Create an HDInsight cluster with Azure Data Lake Storage Gen1 using Azure Resource Manager template

Learn how to use Azure PowerShell to configure an HDInsight cluster with Azure Data Lake Storage Gen1, as additional storage.

For supported cluster types, Data Lake Storage Gen1 can be used as an default storage or additional storage account. When Data Lake Storage Gen1 is used as additional storage, the default storage account for the clusters will still be Azure Storage Blobs (WASB) and the cluster-related files (such as logs, etc.) are still written to the default storage, while the data that you want to process can be stored in a Data Lake Storage Gen1 account. Using Data Lake Storage Gen1 as an additional storage account does not impact performance or the ability to read/write to the storage from the cluster.

Using Data Lake Storage Gen1 for HDInsight cluster storage

Here are some important considerations for using HDInsight with Data Lake Storage Gen1:

  • Option to create HDInsight clusters with access to Data Lake Storage Gen1 as default storage is available for HDInsight version 3.5 and 3.6.

  • Option to create HDInsight clusters with access to Data Lake Storage Gen1 as additional storage is available for HDInsight versions 3.2, 3.4, 3.5, and 3.6.

In this article, we provision a Hadoop cluster with Data Lake Storage Gen1 as additional storage. For instructions on how to create a Hadoop cluster with Data Lake Storage Gen1 as default storage, see Create an HDInsight cluster with Data Lake Storage Gen1 using Azure Portal.

Prerequisites

Note

This article has been updated to use the new Azure PowerShell Az module. You can still use the AzureRM module, which will continue to receive bug fixes until at least December 2020. To learn more about the new Az module and AzureRM compatibility, see Introducing the new Azure PowerShell Az module. For Az module installation instructions, see Install Azure PowerShell.

Before you begin this tutorial, you must have the following:

  • An Azure subscription. See Get Azure free trial.

  • Azure PowerShell 1.0 or greater. See How to install and configure Azure PowerShell.

  • Azure Active Directory Service Principal. Steps in this tutorial provide instructions on how to create a service principal in Azure AD. However, you must be an Azure AD administrator to be able to create a service principal. If you are an Azure AD administrator, you can skip this prerequisite and proceed with the tutorial.
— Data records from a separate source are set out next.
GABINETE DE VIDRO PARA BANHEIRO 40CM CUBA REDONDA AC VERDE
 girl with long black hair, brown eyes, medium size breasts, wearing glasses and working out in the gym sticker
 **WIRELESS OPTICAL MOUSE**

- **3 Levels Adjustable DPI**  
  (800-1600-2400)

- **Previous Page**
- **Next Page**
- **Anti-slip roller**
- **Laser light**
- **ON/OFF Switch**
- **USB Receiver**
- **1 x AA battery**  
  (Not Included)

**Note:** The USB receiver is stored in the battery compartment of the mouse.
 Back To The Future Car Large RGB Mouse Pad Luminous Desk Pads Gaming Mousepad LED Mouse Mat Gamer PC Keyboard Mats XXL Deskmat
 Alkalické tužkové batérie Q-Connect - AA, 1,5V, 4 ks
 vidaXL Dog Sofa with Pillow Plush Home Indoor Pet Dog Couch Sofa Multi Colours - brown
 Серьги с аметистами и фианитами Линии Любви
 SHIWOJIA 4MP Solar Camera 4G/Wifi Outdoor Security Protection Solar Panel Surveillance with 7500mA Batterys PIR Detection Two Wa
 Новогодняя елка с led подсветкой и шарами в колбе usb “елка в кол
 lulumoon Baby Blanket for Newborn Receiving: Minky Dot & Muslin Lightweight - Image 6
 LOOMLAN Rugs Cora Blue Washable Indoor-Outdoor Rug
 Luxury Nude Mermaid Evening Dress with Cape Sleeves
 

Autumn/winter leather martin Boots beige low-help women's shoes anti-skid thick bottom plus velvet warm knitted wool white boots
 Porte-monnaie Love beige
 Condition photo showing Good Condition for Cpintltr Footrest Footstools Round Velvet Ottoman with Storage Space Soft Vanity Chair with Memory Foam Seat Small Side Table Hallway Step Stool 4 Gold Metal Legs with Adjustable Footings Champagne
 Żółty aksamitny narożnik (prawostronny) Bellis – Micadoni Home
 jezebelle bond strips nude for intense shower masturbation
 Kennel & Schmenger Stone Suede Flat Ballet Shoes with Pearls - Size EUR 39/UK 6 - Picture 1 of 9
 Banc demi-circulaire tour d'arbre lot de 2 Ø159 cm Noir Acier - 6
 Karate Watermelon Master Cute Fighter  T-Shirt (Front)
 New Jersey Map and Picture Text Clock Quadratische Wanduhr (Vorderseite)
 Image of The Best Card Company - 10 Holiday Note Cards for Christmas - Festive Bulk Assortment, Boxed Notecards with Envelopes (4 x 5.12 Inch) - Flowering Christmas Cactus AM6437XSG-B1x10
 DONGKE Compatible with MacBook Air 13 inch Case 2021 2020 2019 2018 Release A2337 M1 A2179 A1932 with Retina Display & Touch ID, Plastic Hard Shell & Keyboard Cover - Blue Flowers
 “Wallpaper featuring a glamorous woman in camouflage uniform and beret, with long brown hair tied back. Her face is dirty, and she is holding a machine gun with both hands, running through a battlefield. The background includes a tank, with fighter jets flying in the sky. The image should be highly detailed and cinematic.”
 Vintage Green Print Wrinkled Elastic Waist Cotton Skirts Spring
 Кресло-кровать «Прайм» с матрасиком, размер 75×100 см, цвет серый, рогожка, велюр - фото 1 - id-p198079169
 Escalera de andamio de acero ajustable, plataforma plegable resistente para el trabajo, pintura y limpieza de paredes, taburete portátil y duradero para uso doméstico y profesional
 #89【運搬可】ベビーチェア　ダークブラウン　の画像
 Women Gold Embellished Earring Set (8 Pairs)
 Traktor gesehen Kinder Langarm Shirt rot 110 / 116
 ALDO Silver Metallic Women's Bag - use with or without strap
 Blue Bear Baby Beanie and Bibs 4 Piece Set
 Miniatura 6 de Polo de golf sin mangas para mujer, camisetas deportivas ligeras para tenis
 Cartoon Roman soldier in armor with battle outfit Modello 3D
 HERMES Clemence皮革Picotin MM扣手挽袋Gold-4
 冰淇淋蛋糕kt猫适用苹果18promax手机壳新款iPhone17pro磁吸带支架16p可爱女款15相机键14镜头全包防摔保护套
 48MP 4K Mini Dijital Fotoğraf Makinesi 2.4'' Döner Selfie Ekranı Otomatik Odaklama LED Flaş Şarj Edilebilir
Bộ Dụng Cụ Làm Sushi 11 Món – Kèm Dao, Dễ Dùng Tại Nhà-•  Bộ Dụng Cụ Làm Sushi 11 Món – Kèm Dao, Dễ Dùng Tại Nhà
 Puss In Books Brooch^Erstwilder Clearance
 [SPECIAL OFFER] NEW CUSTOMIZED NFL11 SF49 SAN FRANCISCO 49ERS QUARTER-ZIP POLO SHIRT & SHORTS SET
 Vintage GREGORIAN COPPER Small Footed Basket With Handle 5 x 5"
    If you are not an Azure AD administrator, you will not be able to perform the steps required to create a service principal. In such a case, your Azure AD administrator must first create a service principal before you can create an HDInsight cluster with Data Lake Storage Gen1. Also, the service principal must be created using a certificate, as described at Create a service principal with certificate.

Create an HDInsight cluster with Data Lake Storage Gen1

The Resource Manager template, and the prerequisites for using the template, are available on GitHub at Deploy a HDInsight Linux cluster with new Data Lake Storage Gen1. Follow the instructions provided at this link to create an HDInsight cluster with Data Lake Storage Gen1 as the additional storage.

The instructions at the link mentioned above require PowerShell. Before you start with those instructions, make sure you log in to your Azure account. From your desktop, open a new Azure PowerShell window, and enter the following snippets. When prompted to log in, make sure you log in as one of the subscription administrators/owner:

# Log in to your Azure account
Connect-AzAccount

# List all the subscriptions associated to your account
Get-AzSubscription

# Select a subscription
Set-AzContext -SubscriptionId <subscription ID>

The template deploys these resource types:

Upload sample data to Data Lake Storage Gen1

The Resource Manager template creates a new Data Lake Storage Gen1 account and associates it with the HDInsight cluster. You must now upload some sample data to Data Lake Storage Gen1. You'll need this data later in the tutorial to run jobs from an HDInsight cluster that access data in the Data Lake Storage Gen1 account. For instructions on how to upload data, see Upload a file to your Data Lake Storage Gen1 account. If you are looking for some sample data to upload, you can get the Ambulance Data folder from the Azure Data Lake Git Repository.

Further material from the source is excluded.